AVAILABLE DATA:
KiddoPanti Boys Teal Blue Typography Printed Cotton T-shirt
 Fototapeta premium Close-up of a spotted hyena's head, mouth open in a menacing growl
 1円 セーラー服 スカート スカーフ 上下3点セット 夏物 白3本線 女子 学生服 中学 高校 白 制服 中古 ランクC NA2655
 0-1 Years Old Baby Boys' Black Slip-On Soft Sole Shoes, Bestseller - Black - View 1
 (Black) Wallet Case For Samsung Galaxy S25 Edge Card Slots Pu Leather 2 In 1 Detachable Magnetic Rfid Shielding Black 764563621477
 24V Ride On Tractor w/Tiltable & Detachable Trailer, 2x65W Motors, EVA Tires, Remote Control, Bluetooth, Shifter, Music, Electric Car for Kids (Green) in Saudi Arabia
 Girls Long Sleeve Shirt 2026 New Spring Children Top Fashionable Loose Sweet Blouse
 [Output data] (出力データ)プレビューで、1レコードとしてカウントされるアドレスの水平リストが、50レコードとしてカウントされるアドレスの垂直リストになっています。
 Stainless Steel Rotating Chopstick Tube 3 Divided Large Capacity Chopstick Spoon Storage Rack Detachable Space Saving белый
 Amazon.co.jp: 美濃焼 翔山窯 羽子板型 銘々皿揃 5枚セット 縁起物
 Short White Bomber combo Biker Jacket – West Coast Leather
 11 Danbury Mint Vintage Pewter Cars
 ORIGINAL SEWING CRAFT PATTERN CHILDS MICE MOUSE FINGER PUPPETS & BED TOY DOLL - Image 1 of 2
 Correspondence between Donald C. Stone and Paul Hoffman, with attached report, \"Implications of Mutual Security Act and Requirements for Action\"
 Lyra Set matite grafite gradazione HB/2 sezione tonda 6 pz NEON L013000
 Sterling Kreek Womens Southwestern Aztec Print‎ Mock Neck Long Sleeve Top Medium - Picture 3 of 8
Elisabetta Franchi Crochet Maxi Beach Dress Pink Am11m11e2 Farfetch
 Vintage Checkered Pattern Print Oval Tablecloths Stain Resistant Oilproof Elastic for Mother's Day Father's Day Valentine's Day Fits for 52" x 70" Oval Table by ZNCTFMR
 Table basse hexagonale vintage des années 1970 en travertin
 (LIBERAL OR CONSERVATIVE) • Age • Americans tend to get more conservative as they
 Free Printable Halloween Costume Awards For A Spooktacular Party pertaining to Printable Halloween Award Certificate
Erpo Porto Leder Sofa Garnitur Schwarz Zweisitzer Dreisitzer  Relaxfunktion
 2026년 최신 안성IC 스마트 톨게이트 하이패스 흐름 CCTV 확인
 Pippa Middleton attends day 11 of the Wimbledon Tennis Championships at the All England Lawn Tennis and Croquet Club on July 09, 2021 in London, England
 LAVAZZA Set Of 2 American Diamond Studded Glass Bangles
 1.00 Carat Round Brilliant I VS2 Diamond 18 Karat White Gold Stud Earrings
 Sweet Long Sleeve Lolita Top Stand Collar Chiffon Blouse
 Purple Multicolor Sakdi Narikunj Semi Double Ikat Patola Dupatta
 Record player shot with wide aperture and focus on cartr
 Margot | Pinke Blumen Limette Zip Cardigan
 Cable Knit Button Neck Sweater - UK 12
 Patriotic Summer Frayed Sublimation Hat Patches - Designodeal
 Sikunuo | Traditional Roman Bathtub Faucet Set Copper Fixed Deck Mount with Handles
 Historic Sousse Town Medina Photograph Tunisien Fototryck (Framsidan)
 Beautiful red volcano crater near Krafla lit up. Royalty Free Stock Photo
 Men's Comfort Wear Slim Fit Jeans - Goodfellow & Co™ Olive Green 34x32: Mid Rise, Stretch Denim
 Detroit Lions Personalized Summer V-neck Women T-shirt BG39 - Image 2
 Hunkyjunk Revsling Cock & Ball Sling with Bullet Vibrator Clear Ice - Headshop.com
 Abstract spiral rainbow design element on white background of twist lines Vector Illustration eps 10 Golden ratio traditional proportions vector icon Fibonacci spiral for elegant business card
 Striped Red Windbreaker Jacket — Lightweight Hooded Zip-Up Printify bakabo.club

EXERCISE DESCRIPTION: Your answer should consist only of the lines above between the line holding "(LIBERAL OR CONSERVATIVE)" and the line holding "Sweet Long Sleeve", inclusive, each transcribed exactly.

SOLVED EXERCISE:
 (LIBERAL OR CONSERVATIVE) • Age • Americans tend to get more conservative as they
 Free Printable Halloween Costume Awards For A Spooktacular Party pertaining to Printable Halloween Award Certificate
Erpo Porto Leder Sofa Garnitur Schwarz Zweisitzer Dreisitzer  Relaxfunktion
 2026년 최신 안성IC 스마트 톨게이트 하이패스 흐름 CCTV 확인
 Pippa Middleton attends day 11 of the Wimbledon Tennis Championships at the All England Lawn Tennis and Croquet Club on July 09, 2021 in London, England
 LAVAZZA Set Of 2 American Diamond Studded Glass Bangles
 1.00 Carat Round Brilliant I VS2 Diamond 18 Karat White Gold Stud Earrings
 Sweet Long Sleeve Lolita Top Stand Collar Chiffon Blouse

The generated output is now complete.